Johannes Trithemius

1462-1516

Seeking shelter from a snowstorm, a young Trithemius found himself in Sponheim, a Benedictine Abbey near Bad Kreuznach, and he decided to stay. He was elected abbot within the year, and went about restoring and reforming Sponheim into a place of learning. As a child, his step-father admonished  against young Johannes’ education, forcing the boy to learn Greek, Latin and Hebrew in secret; as an abbot, Jojo acquired over 1500 books for the library, and wrote eloquent volumes of local history in Latin (although his value as a historian was compromised by his inclusion of decidedly false information; he invented characters, heroes to populate his otherwise historical landscapes).
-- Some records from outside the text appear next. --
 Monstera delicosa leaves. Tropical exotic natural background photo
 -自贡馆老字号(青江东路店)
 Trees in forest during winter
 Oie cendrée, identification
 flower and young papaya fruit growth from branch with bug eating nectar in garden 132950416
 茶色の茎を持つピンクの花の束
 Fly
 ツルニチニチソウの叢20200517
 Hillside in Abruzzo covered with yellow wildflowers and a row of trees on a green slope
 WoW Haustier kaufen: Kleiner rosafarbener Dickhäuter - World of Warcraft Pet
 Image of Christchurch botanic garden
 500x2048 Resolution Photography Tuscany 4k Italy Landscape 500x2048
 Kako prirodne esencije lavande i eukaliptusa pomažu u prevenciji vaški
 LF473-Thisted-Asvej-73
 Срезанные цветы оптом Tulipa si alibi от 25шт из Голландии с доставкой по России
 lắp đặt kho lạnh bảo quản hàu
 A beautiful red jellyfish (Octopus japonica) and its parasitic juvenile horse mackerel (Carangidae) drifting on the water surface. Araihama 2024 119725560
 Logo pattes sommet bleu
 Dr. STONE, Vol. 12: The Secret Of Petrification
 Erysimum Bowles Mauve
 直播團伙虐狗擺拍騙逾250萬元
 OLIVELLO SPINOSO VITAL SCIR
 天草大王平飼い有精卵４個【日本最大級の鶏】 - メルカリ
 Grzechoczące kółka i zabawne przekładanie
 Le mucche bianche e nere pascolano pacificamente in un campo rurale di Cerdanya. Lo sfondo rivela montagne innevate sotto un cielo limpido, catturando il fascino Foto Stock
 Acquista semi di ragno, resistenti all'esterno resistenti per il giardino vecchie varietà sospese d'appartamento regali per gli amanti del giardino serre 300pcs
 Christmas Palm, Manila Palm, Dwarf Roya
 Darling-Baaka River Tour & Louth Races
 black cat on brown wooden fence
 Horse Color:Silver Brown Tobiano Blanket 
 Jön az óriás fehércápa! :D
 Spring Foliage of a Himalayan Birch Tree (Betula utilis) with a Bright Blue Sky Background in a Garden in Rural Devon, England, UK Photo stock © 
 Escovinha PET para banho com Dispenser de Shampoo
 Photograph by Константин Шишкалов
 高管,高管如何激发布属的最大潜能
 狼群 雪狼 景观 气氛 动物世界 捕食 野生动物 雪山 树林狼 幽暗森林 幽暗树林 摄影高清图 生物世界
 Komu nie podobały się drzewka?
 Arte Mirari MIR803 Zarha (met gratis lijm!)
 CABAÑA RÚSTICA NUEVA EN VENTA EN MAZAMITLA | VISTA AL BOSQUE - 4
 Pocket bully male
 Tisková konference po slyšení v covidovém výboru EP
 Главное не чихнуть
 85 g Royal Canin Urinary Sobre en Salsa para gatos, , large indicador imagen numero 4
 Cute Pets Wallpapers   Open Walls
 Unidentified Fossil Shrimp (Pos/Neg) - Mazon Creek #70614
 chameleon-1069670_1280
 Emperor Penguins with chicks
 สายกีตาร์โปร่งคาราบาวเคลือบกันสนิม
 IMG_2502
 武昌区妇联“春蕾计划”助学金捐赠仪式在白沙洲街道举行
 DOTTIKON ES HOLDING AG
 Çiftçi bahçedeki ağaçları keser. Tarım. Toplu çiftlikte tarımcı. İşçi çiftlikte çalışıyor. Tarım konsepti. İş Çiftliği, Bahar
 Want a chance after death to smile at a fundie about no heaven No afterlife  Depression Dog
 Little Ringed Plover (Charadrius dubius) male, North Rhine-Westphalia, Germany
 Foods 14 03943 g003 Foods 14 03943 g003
Trithemius was a pioneer of cryptography (the discipline of secret writing). Steganography, the practice of hiding information within non-secret materials, is named after his most famous work, Steganographia (written in 1499, suppressed until it was first published in 1606); those ostensibly mystical three volumes were designed with a key that revealed books one and two to be written in cipher, with their actual subject matter pertaining to cryptography. Although the third volume was considered, for the following centuries, to be a purely mystical work (its contents pertaining to instant communication through a network of angels and demons), continued research by Jim Reeds at AT&T Labs broke the cipher of that work in 1998, which is, surprise, a continued dissertation on the subject of cryptography.

Trithemius’ ambiguously occult activities led him to resign from the convent in 1506, and he became the abbey of St. Jame’s Abbey, where he died, and remains buried today.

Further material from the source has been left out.